Por: Yuri Tapia Ando – 10/abril/2021

No cabe duda que cuando uno es niño es todo un soñador, y entre tantos sueños siempre está el pensar qué seremos o qué nos gustaría ser cuando crezcamos, y nos sumergimos en nuestra burbuja de felicidad, en esa burbuja donde somos investigadores, científicos, espías o deportistas llegando a las olimpiadas, sin embargo, no todos logran alcanzar esos sueños, ya sea porque lo olvidan, porque no tienen las facilidades o el apoyo, o simplemente porque esos sueños se quedan en eso…

Otra razón por la cual puede ser que no todos logren ser lo que querían ser de niños, es que muchas veces nos vamos por la opción que es más realista, un trabajo que te de de comer o por lo menos, que sea más cercano a la realidad que lo que, como su nombre lo dice, es un sueño. De igual forma, tal vez a algunos les cueste trabajo decidir entre tantos sueños, astronauta, médico, jugador de fútbol, etc., que terminan decidiendo por uno, pensando tal vez que en un futuro puedan llevarlo a cabo, o simplemente, olvidándose por completo de los demás sueños para lograr el que han elegido, hasta que un día, en la vida de adulto, entre tantas prisas, entre tanto estrés, se detienen a pensar y recuerdan ese sueño que habían dejado atrás… y se preguntan, “¿qué sería de mi si hubiera seguido mis sueños de niño?”.
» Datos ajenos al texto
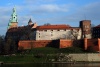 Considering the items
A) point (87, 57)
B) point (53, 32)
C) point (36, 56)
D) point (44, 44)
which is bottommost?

Foto: lamenteesmaravillosa.com

Con esto no quiero decir que los que escogieron otras opciones no sean felices, sin embargo, a veces recordar nuestra infancia y esos momentos en que soñábamos con ser adultos, sin saber lo que en realidad conllevaba toda esa palabra, nos transporta a momentos gratos, en donde soñar no costaba nada, donde la vida era perfecta, y sobretodo, en esa infancia donde estaban todos los que tenían que estar, no faltaba nadie, tus abuelos estaban, tus tíos, tus primos y tus papás…

Pero volviendo al tema, no pasa nada recordar de vez en cuando nuestros anhelos de pequeños, sin embargo, también debemos disfrutar lo que somos en la actualidad, dar lo mejor de nosotros en lo que también nos gusta hacer, y si no haces lo que te gusta, búscalo, el punto es tratar de hacerlo hasta lograrlo, porque eso es lo que nos llenará cada día, incluso si lo hacemos como segunda opción, hasta que un día, eso nos de de comer.

¿Recuerdas lo que querías ser cuando fueras grande?, cuéntame, ¿lo hiciste realidad?